My top 3 customer replies:
- Uh, yeah I have [alternate payment option].
- What? No it isn’t. Try running it again!
- What the [eff]!? Do you even know how to do your job? This is why you never went to college and I have [$X] in the bank!
(For the record I have a bachelor degree and can’t find a better job)
Well, in real life, it probably wouldn’t happen: I have both a Visa and an Amex, as well as debit cards from two different banks, plus I often have at least some cash and a checkbook, so the odds that all 6 of those methods would fail is very low. But if it did, I’d ask them to hold my groceries and continue checking out other customers while I tried to call the bank and sort it out. If that failed, I’d apologize for the mess and leave the store.
I’ve had it happen with my primary card a couple of times, once due to a fraud alert and once due to my own inability to read a calendar*. Both times I had alternate forms of payment with me and was able to straighten it out later in the comfort of my home rather than trying to whisper numbers into a phone so the agent can hear but the people around you can’t.
*They let me put a car on my CC. Holy travel points batdog. I scheduled the payment for the due date for maximum joy and then forgot and tried to use the card the week before the due date. Oops.
Tell them to hold the merchandise while I call the customer service # on the back of the card. Typically happens when I forget to tell them I’m traveling.
My story continued:
Used it at the ATM, declined.
Went into the branch to reset the pin number.
Went to McDonalds, declined.
Went back to the branch and tried to activate the card at the atm, declined.
Went bank to the teller to have the card activated (also questioned about whether I had the card activated.)
If I got denied one more time I would have been pissed.
“Huh. Darn.”
Walk out.
Go to Target.
Repeat.
I do a lot of sales at conventions and declined cards happens a few times every event. The first thing I do is tell them ‘it’s not nessesarily your card’ its a cellular cc machine sometimes it just can’t get a good connection and declines the purchase.’ This eleaviates their stress or embarassment. In most cases I expect the truth is they can’t do math and blew though their balance.

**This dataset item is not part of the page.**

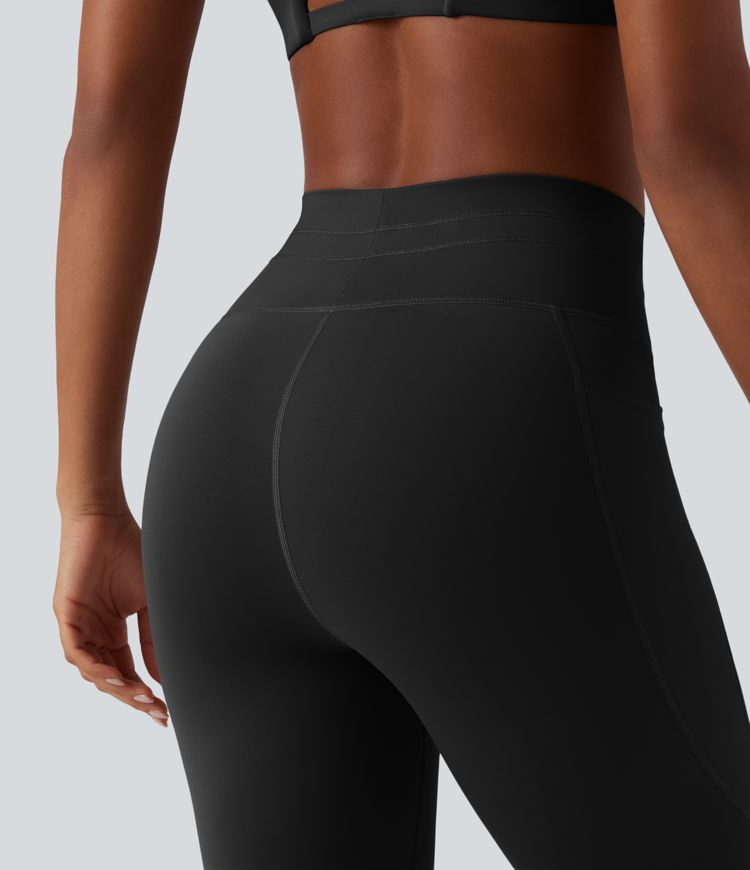 High Waisted Drawstring Plain Yoga 7/8 Leggings with Pockets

on the customer side I deal with it on occasion. I’m not issued my own card as I’m not a permanent employee. Its contracting for my friends company. Ill usually be running around with a few cards with different peoples names on them… one of the cards I end up with has an overprotective antifraud program that likes to lock it all the time. Things like their weekly postage purchase from the usps have triggered it. Im particularly good at convincing stores to take another cc over the phone from the company.
I would be embarrassed – to find I’m in a Walmart.
But merely annoyed that my card was messing up. (In reality I’d just use a different card.)
Had that happen to a guy in my lab back when I was in grad school, while he was checking out in front of me at the grocery store. The guy had taken the bus to the store, too. I paid for his stuff and he brought me cash the next day.
I then had so much cash (he was really stocking up that trip) that I didn’t go to the ATM for many months. My card expired and I didn’t notice the new one in the mail. I found this out when I tried to withdraw cash on my way to the airport :smack:. I ended up getting a cash advance on my CC. Those are expensive. They guy from my CC company who helped me figure out how to get a cash advance even told me this wasn’t recommended and explained all the fees and rates.